Captioned web image data:
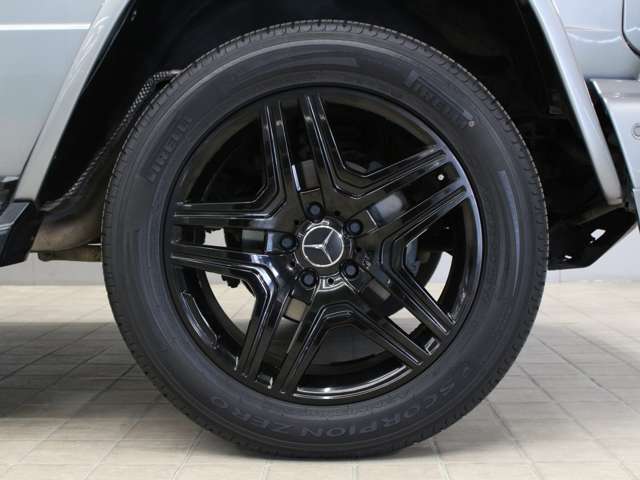 Mercedes-Benz G-Class 4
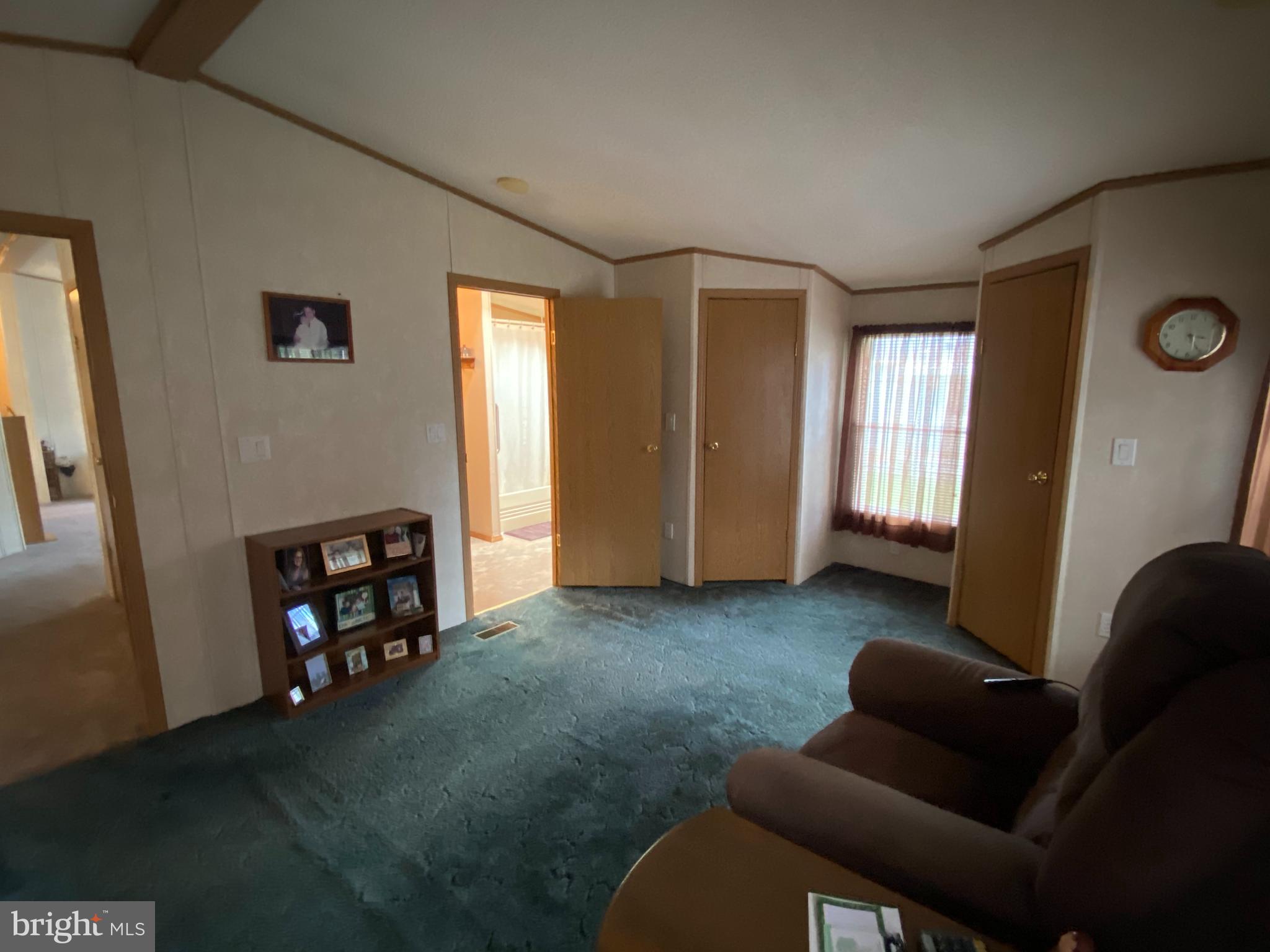 LAKEVIEW COUNTRY ESTATES - Residential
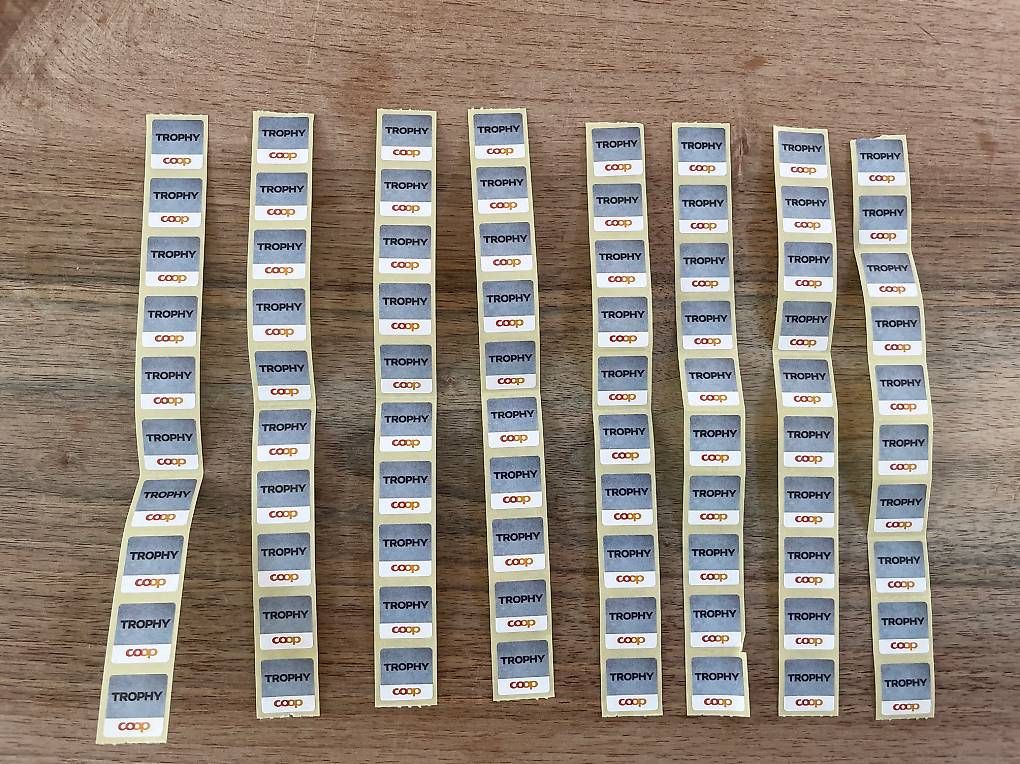 Coop Raccolte di bollini & punti: 80 Sammelmarken Trophy Coop – Nuovo e nell'imballaggio originale da Muri b. Bern venduto da dindlerothler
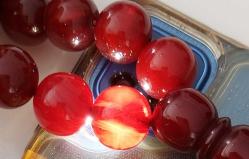 OSMANLI DÖNEMİ MALZEMEDEN YAPILMA ŞIKIR ŞIKIR HARİKA KIRMIZI RENKLİ GÜMÜŞ PÜSKÜLLÜ MUHTEŞEM SIKMA KEHRİBAR TESPİH 1DDD2RA1 ÇOK NADİR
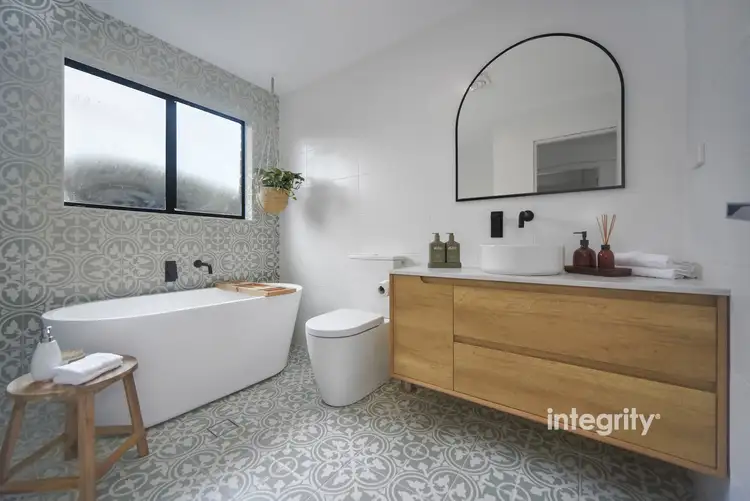 45 Chittick Avenue, North Nowra NSW 2541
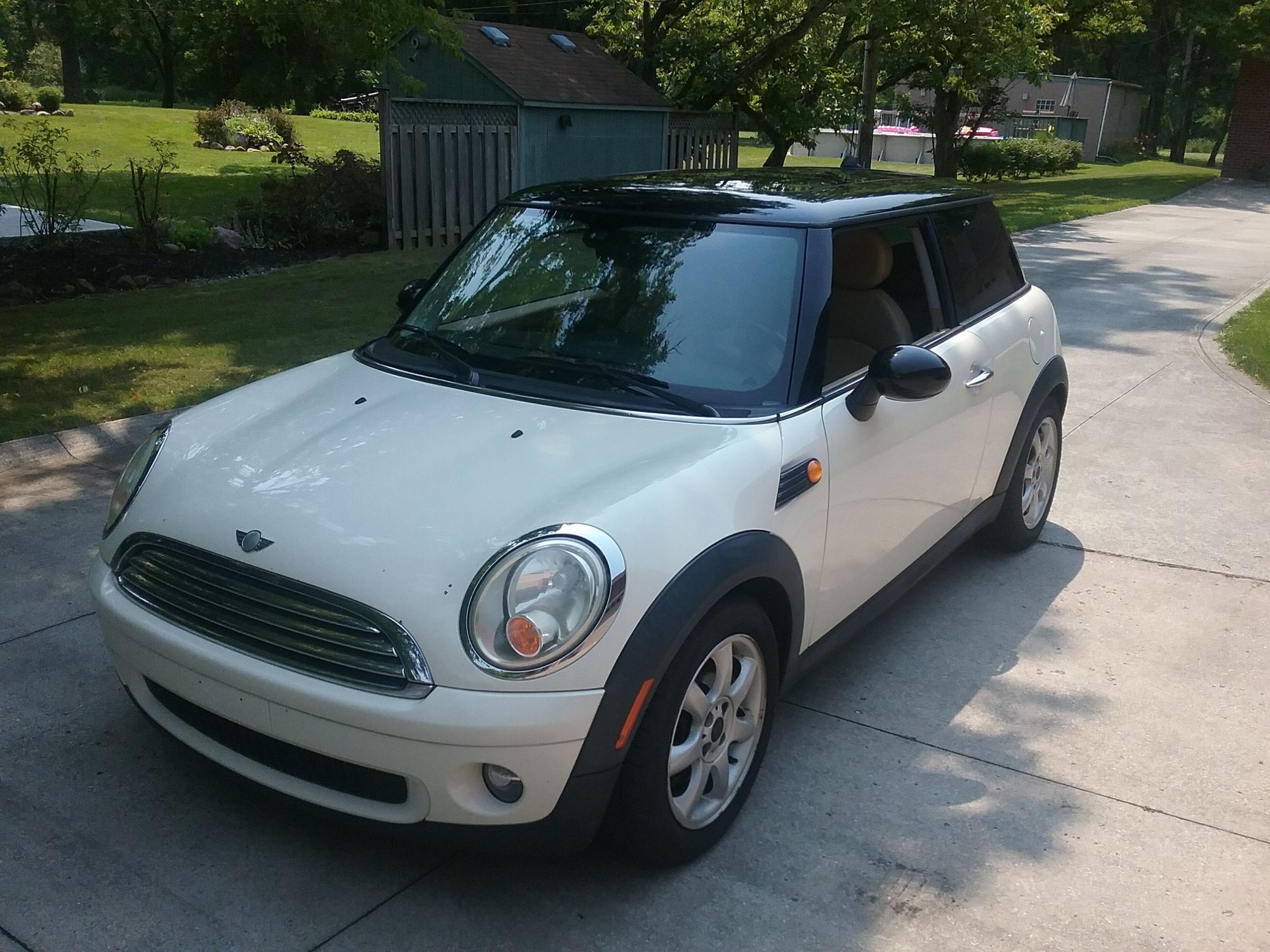 2007 Mini R56: "Mk II" Mini Hatch/Hardtop range - R56 Hatch with NO Teenager Modifications - Used - VIN WMWMF33597TU60367 - 110,500 Miles - 4 cyl - 2WD - Manual - Hatchback - Beige - Cleveland, OH 44125, United States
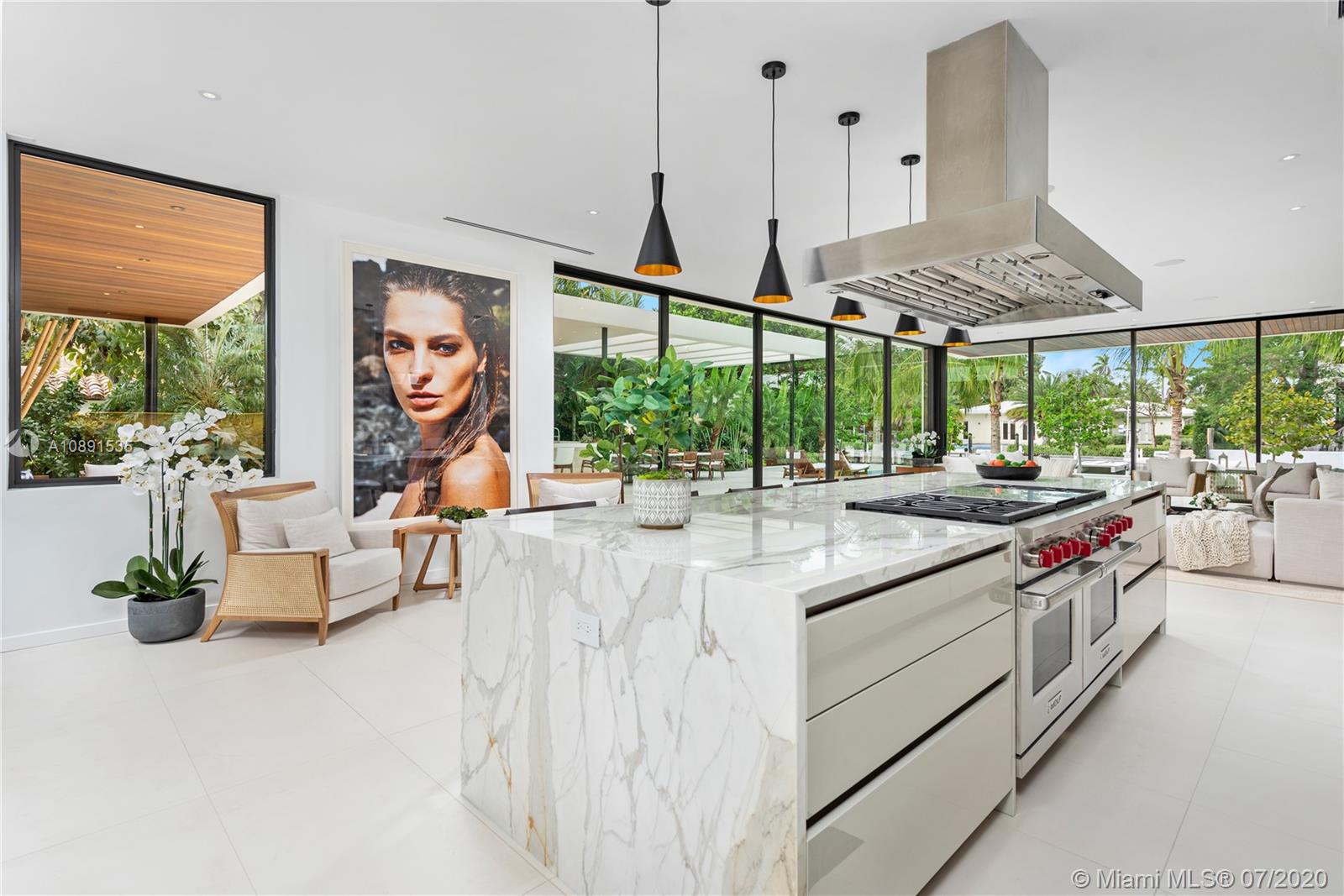 SUNSET ISLANDS-ISLAND NO - Residential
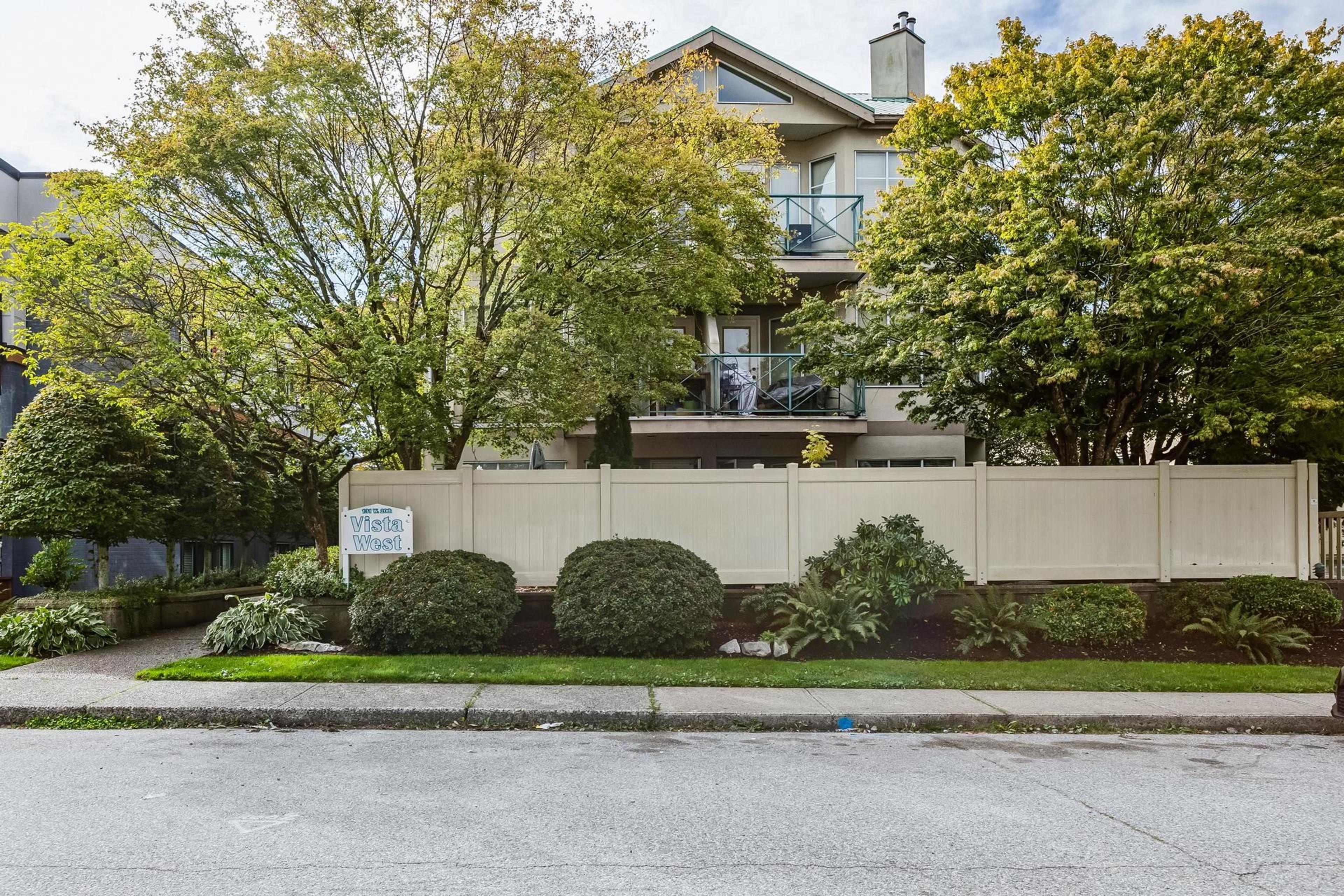 131 W 20th Street, North Vancouver - Exteriors - Photo 2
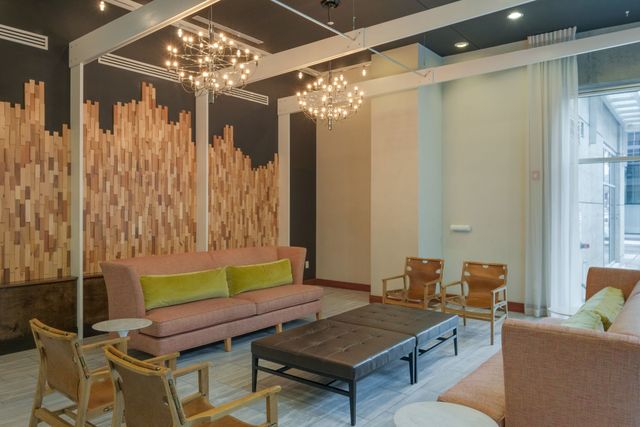 301 Demonbreun St Unit 1716, Nashville, TN 37201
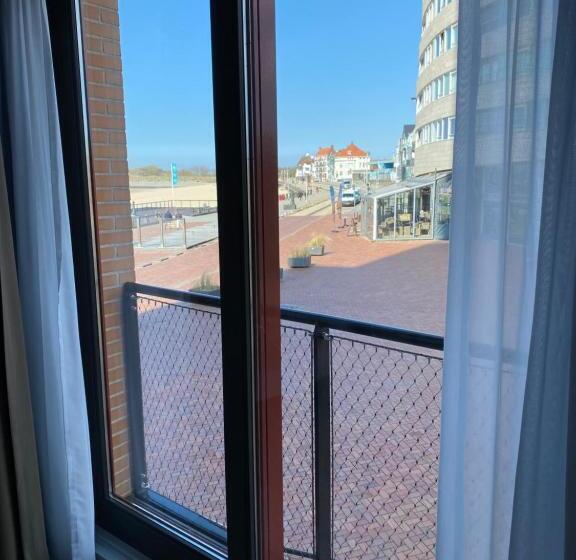 سوییت جونیور با بالکن, Suites Boulevard 17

• [WHAT YOU HAVE TO DO] Starting at the line above that has "45 Chittick Avenue, North Nowra NSW 2541" and ending at the line that has "301 Demonbreun St", copy each line exactly, leaving the pictures out and adding nothing.

• [TASK RESPONSE]
 45 Chittick Avenue, North Nowra NSW 2541
 2007 Mini R56: "Mk II" Mini Hatch/Hardtop range - R56 Hatch with NO Teenager Modifications - Used - VIN WMWMF33597TU60367 - 110,500 Miles - 4 cyl - 2WD - Manual - Hatchback - Beige - Cleveland, OH 44125, United States
 SUNSET ISLANDS-ISLAND NO - Residential
 131 W 20th Street, North Vancouver - Exteriors - Photo 2
 301 Demonbreun St Unit 1716, Nashville, TN 37201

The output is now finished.